** Opening PROVIDED INFORMATION block **

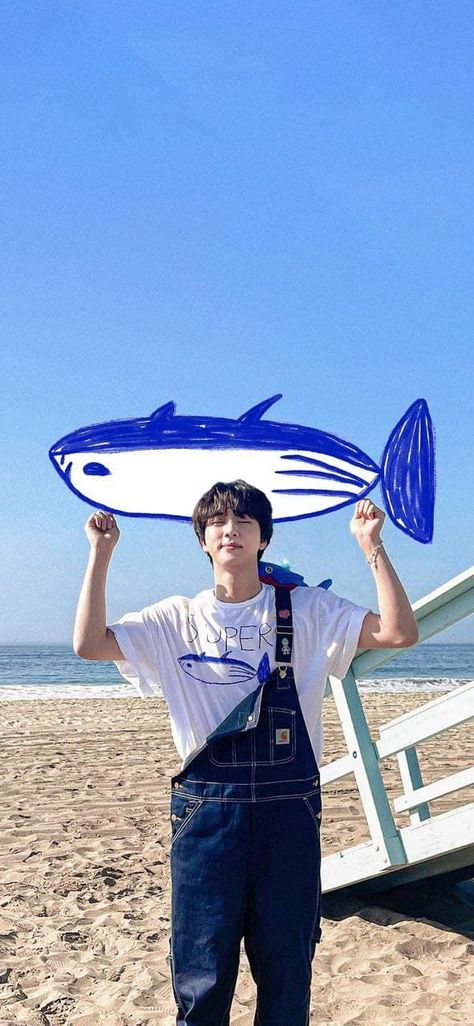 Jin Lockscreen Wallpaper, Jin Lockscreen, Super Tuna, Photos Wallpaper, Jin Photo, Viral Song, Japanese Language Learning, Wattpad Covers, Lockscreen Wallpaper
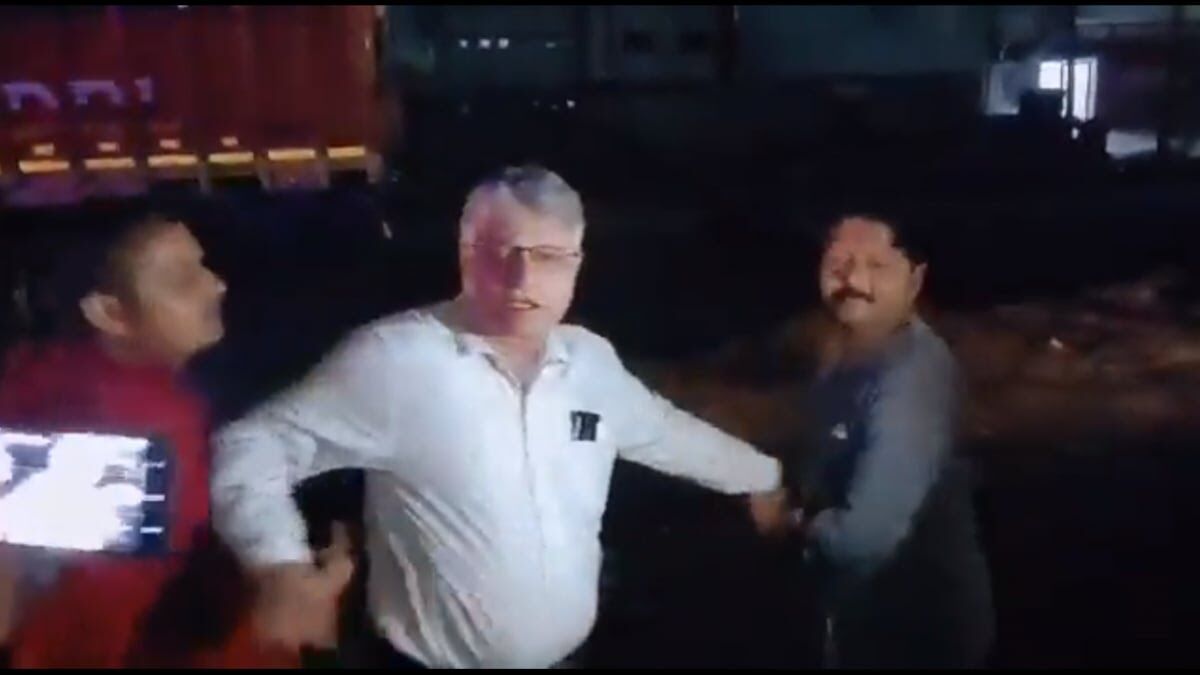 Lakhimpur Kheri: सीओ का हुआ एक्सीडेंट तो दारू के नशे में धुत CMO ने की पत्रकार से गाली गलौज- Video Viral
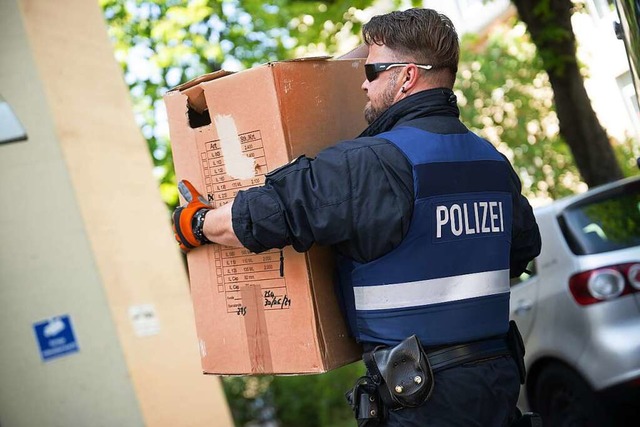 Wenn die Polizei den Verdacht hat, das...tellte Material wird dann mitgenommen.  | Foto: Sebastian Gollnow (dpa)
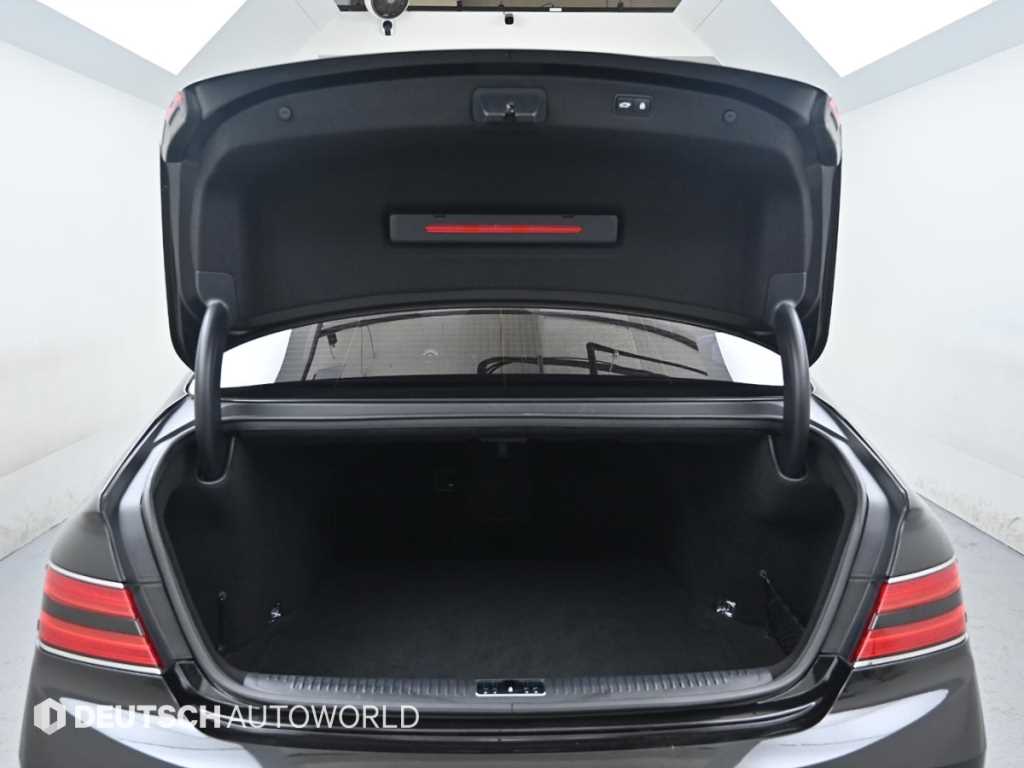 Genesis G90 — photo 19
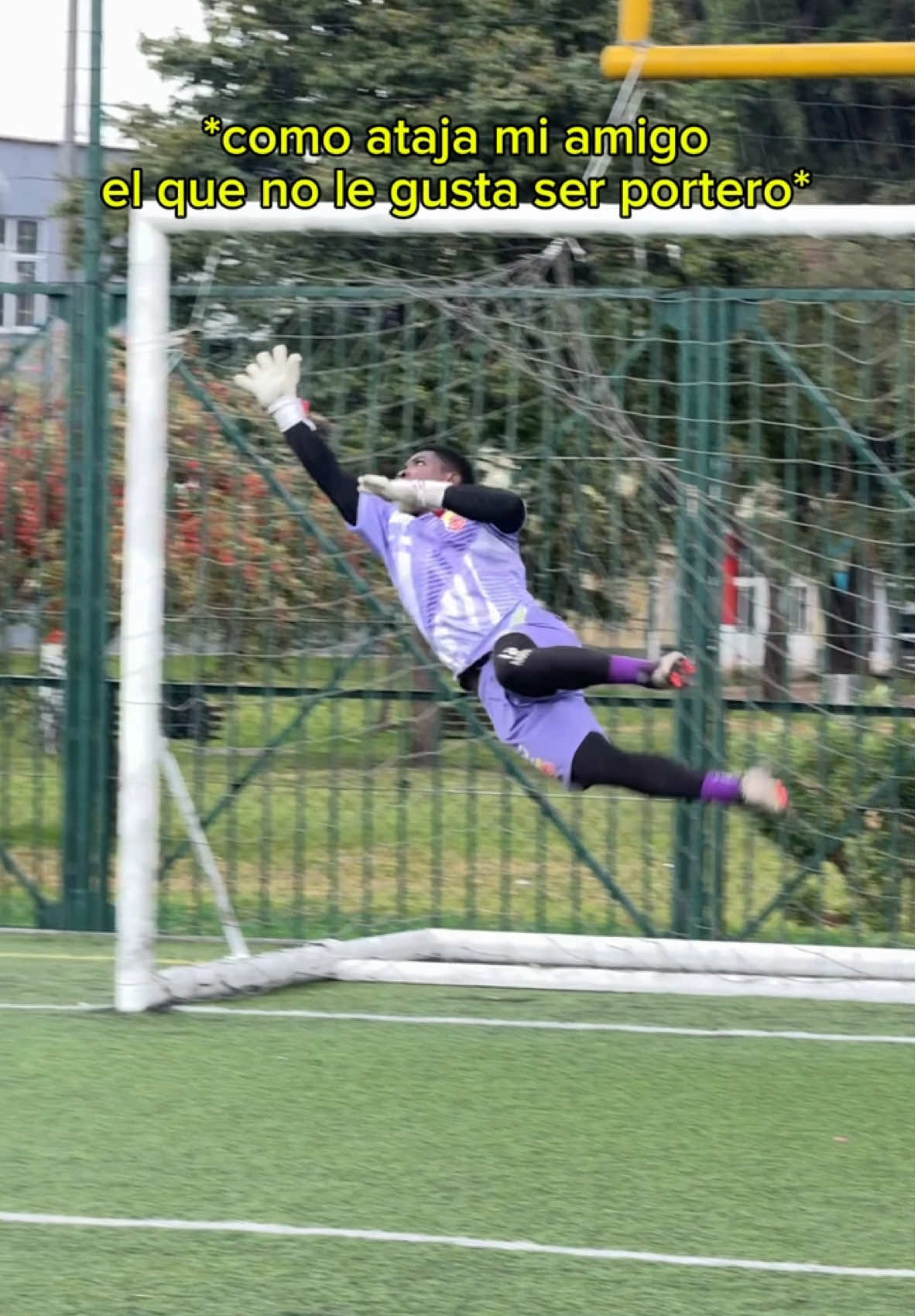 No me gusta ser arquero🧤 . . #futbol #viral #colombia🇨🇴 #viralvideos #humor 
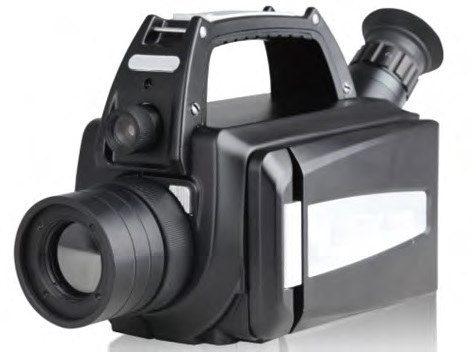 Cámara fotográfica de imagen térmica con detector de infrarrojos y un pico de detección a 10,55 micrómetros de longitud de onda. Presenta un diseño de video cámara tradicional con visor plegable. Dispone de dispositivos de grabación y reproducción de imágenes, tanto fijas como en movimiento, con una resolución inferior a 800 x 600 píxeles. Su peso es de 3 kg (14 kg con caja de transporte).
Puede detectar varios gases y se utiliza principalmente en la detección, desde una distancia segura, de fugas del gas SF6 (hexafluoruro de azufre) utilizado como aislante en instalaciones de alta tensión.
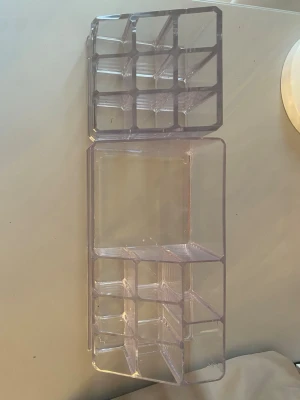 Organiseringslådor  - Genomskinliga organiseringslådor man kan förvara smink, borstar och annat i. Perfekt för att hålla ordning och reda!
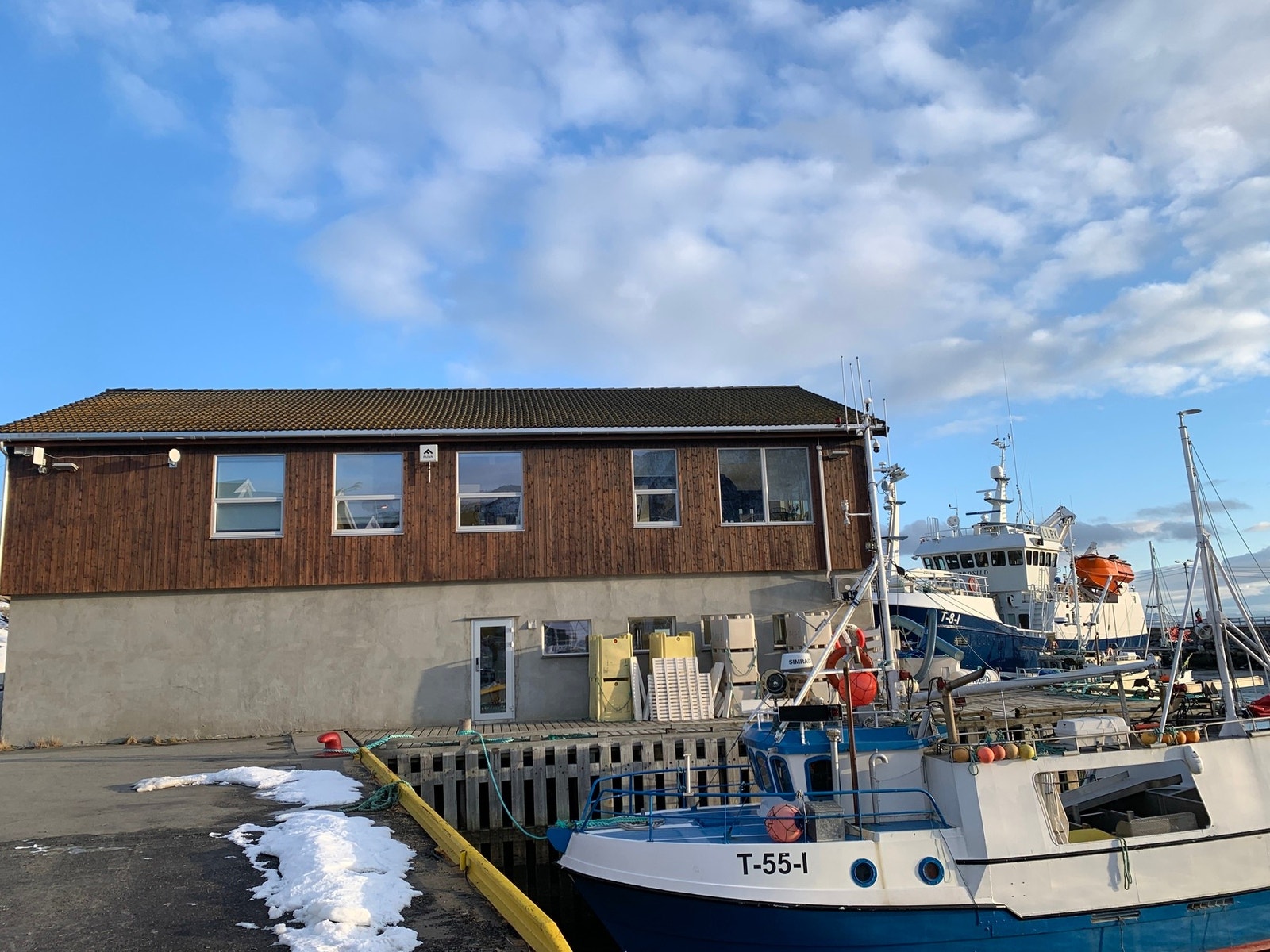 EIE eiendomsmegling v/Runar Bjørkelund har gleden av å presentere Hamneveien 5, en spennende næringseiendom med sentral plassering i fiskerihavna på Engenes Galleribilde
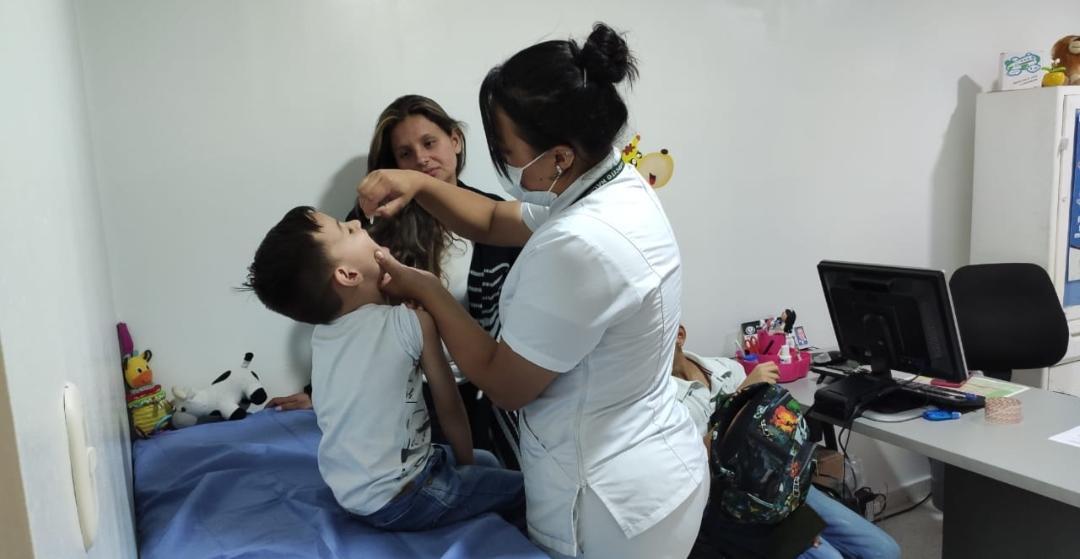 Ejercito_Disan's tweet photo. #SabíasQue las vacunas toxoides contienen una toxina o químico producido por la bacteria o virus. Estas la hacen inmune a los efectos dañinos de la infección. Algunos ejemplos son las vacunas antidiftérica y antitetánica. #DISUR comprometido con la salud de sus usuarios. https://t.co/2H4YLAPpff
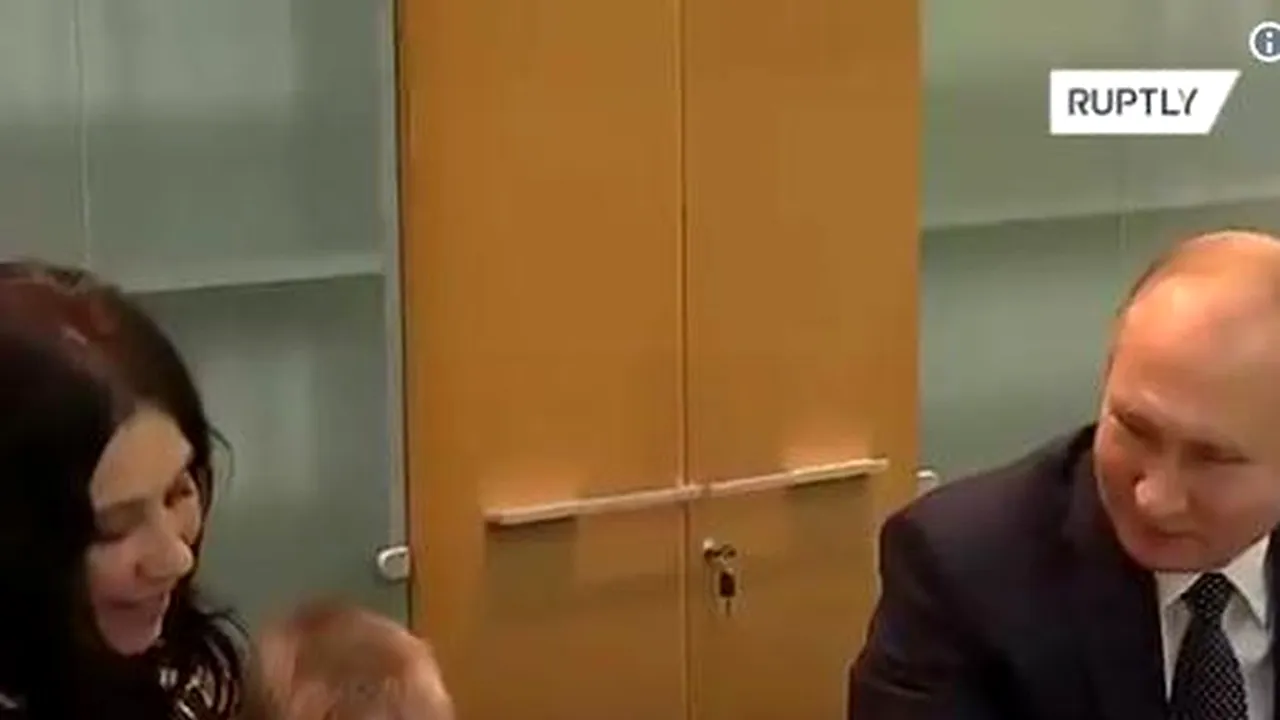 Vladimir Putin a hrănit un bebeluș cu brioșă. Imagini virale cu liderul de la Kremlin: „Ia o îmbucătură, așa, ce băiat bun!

** Closing PROVIDED INFORMATION block **

* [WORK REQUEST]:
Begin at the line containing "EIE eiendomsmegling v/Runar" and extract every line through the end of the records, inclusive, exactly and only; omit pictures.

* [ANSWER TO THIS EXERCISE]:
 EIE eiendomsmegling v/Runar Bjørkelund har gleden av å presentere Hamneveien 5, en spennende næringseiendom med sentral plassering i fiskerihavna på Engenes Galleribilde
 Ejercito_Disan's tweet photo. #SabíasQue las vacunas toxoides contienen una toxina o químico producido por la bacteria o virus. Estas la hacen inmune a los efectos dañinos de la infección. Algunos ejemplos son las vacunas antidiftérica y antitetánica. #DISUR comprometido con la salud de sus usuarios. https://t.co/2H4YLAPpff
 Vladimir Putin a hrănit un bebeluș cu brioșă. Imagini virale cu liderul de la Kremlin: „Ia o îmbucătură, așa, ce băiat bun!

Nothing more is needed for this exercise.